Estamos fazendo um esforço de apresentar esse trabalho para as bancadas do campo mais progressista, para dizer que o trabalho existe e ver se elas têm interesse de encampar esse processo. Hoje em dia o debate todo está em torno da reforma da Previdência, o que é compreensível, mas não vejo um engajamento das forças mais à esquerda no sentido de se apropriar desse material todo, porque, em última instância, fizemos isso para subsidiar a ação parlamentar do campo popular, mas, infelizmente, não vejo nenhuma ação concreta nesse sentido.

De toda forma, o governo, pelo que estou lendo nos jornais, parece que vai retomar aquela ideia da simplificação de impostos que estava sendo discutida no final do governo Temer, e a crítica a essa proposta foi o que motivou a realização destes dois livros nos quais expomos a nossa proposta. Esses estudos que fizemos representam um dos principais contrapontos a essa reforma que, provavelmente, vai voltar para a agenda; nosso estudo é o principal contraponto.

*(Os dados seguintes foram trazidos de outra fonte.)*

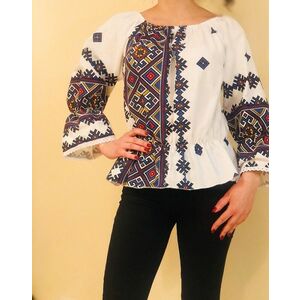 Bluza stilizata cu motive traditionale - 44 imagine
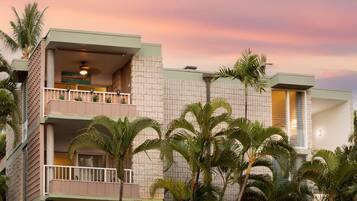 Condo, 1 King Bed with Sofa bed (Alii Villas#320) | Exterior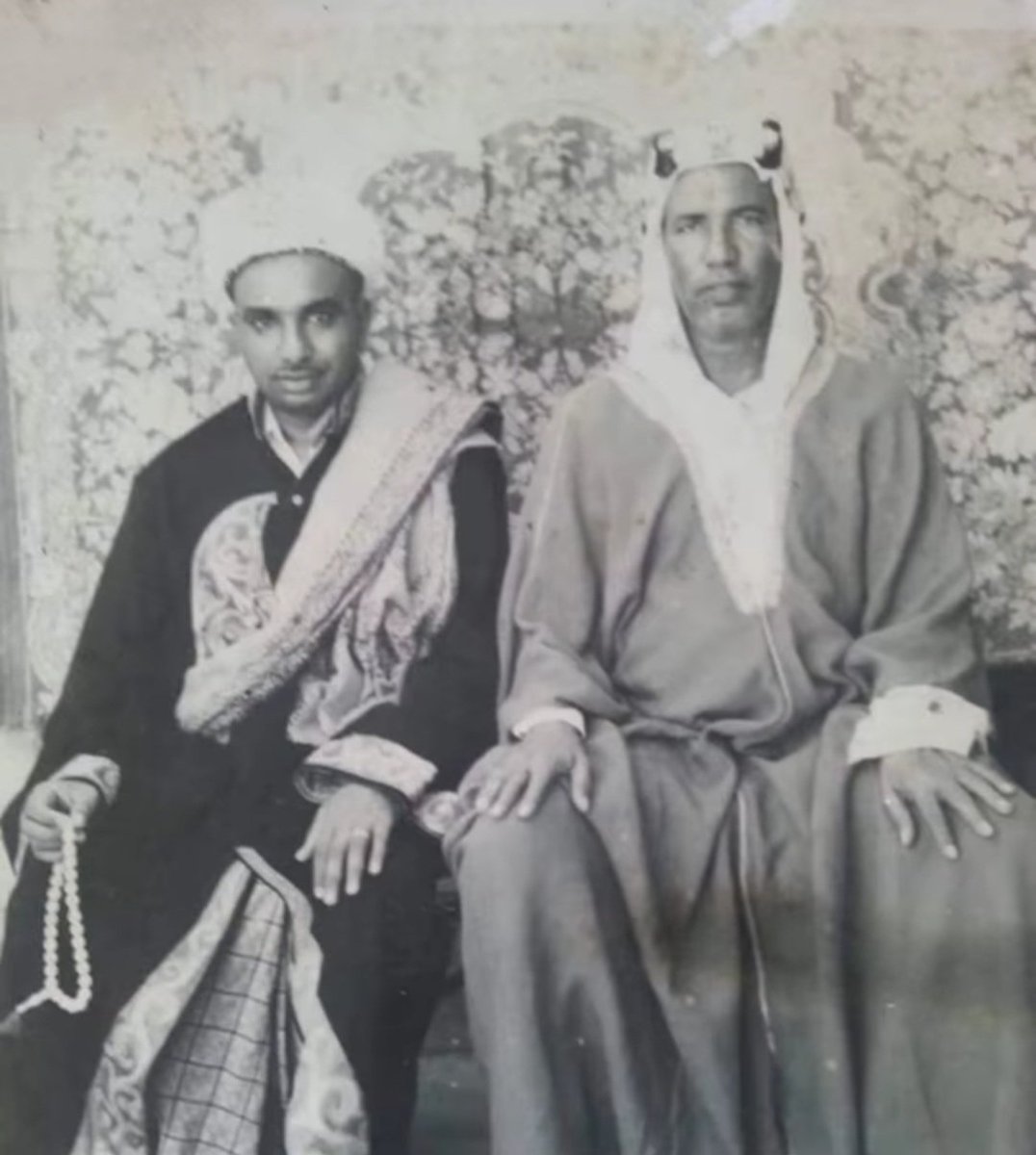 Az61519022's tweet photo. @dervishconan @goldenAli_bh تشير رواية ابن بطوطة إلى الملابس الفاخرة التي كان يرتديها أهلها من الجبةوالأزياء الحضرية، وهو ما يعكس وجود صناعة محلية متطورة للملابس. كما أن لفظة "الجبة" نفسها ذات أصل عربي، ولا تنتمي إلى الجذور الكوشيةالمحلية، وهو ما يشير ارتباطها بالبيئة الثقافية العربية-البنادرية https://t.co/IRIgKGM6jB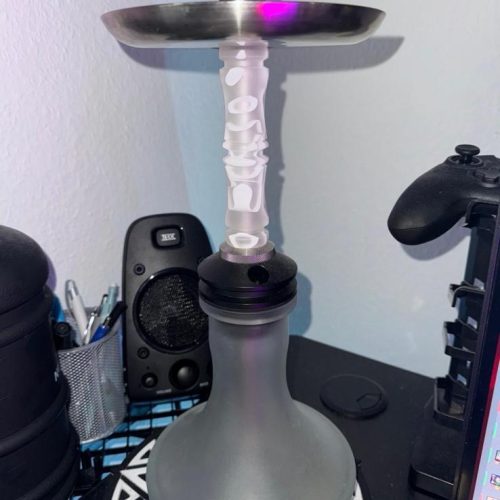 Moderne Shisha mit silberner Bowl und Glas-Schlauch, auf einem Tisch.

Insisto: simplificar é importante, mas não resolve o essencial; o essencial é a regressividade do sistema tributário brasileiro, que está na contramão do mundo capitalista minimamente desenvolvido. Por outro lado, a simplificação desconstitucionaliza as fontes de financiamento da seguridade social e da educação — essa é a proposta que está sendo discutida e que será apresentada. O nosso estudo apresenta um contraponto.

IHU On-Line — Deseja acrescentar algo?

Eduardo Fagnani — Escrevi um artigo publicado na Carta Capital, intitulado “Além da Previdência: Reforma Tributária para o Brasil não ‘quebrar’”. Tenho dito que a reforma da Previdência não é uma reforma da Previdência; ela é um cavalo de Troia. O objetivo real dessa dita reforma é acabar com o pacto social de 1988 e ela vai acabar com a seguridade social, que é um dos cernes do modelo de sociedade pactuado em 1988.

Como o governo não tem argumento nem diagnóstico para justificar uma reforma como essa, ele parte para o terrorismo. Terror demográfico, econômico e financeiro, com mitos como “o Brasil tem déficit, não tem idade mínima, as aposentadorias são generosas. Um dos terrorismos é o de que o Brasil não vai sair dessa crise sem a reforma da Previdência, e que sem ela o Brasil quebra. Recentemente, um empresário declarou: “É previdência ou morte”.

Só uma das medidas que estamos propondo, que é uma nova tabela progressiva do imposto de renda, combinada com outras opções, pode gerar 160 bilhões de reais por ano, beneficiando 97% dos contribuintes e taxando mais 2,7% dos contribuintes. A reforma tributária é uma forma de mostrar que existem alternativas à reforma da Previdência. Portanto, deveria ter uma atenção maior por parte do campo popular para se enfrentar o atual debate sobre a reforma da Previdência.